___ INFORMATION SUPPLIED
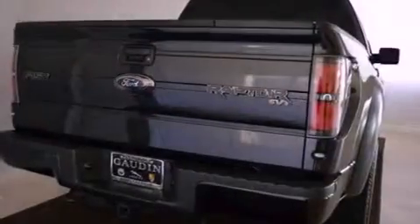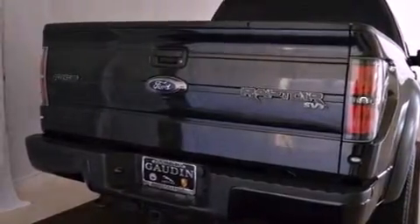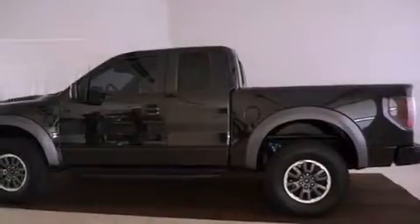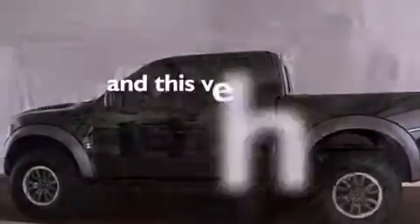Features include a power passenger seat, air conditioning, cruise control, a premium sound system, a leather-wrapped steering wheel, a security system, fog lamps, an anti-lock braking system, a rear window defroster, and this vehicle has less than 11,000 miles.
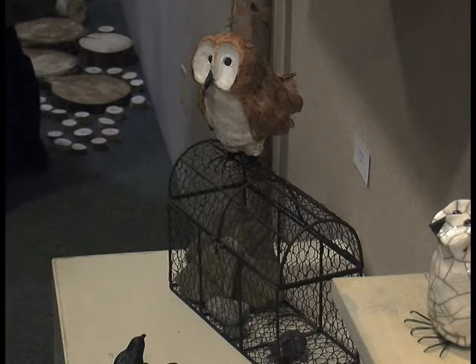A Bird's Eye View will be on display until March 27th. Derek Lightfoot, CJDC-TV News, Dawson Creek.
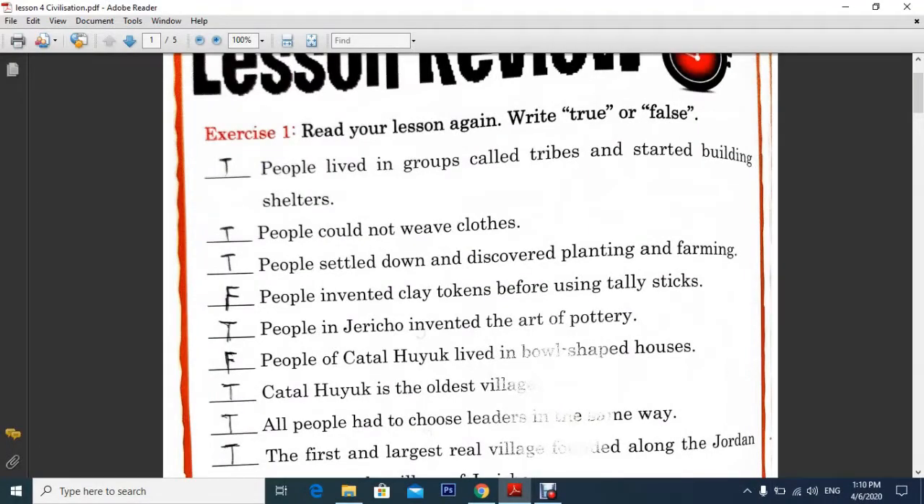As-salamu alaykum wa rahmatullahi wa barakatuh. My dear students, grade 4, I hope everybody is doing well, inshaAllah. Today our lesson is actually lesson 4 about civilization starts.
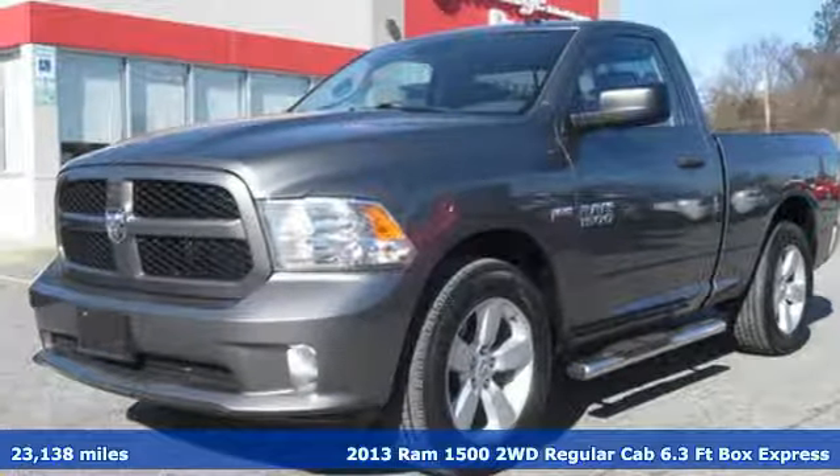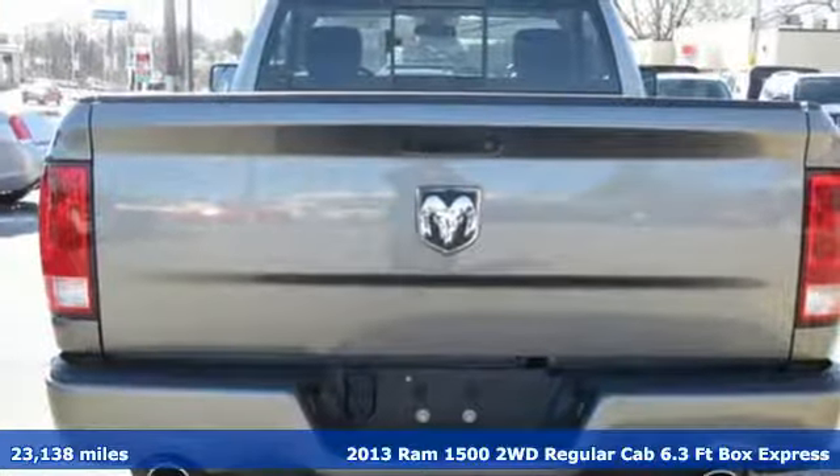It's a 2013 Ram 1500. Ram gets the job done.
______
• _BRIEF_
Every line above is to be written out unchanged, with the pictures omitted.

• _TASK SOLUTION_
Features include a power passenger seat, air conditioning, cruise control, a premium sound system, a leather-wrapped steering wheel, a security system, fog lamps, an anti-lock braking system, a rear window defroster, and this vehicle has less than 11,000 miles.
A Bird's Eye View will be on display until March 27th. Derek Lightfoot, CJDC-TV News, Dawson Creek.
As-salamu alaykum wa rahmatullahi wa barakatuh. My dear students, grade 4, I hope everybody is doing well, inshaAllah. Today our lesson is actually lesson 4 about civilization starts.
It's a 2013 Ram 1500. Ram gets the job done.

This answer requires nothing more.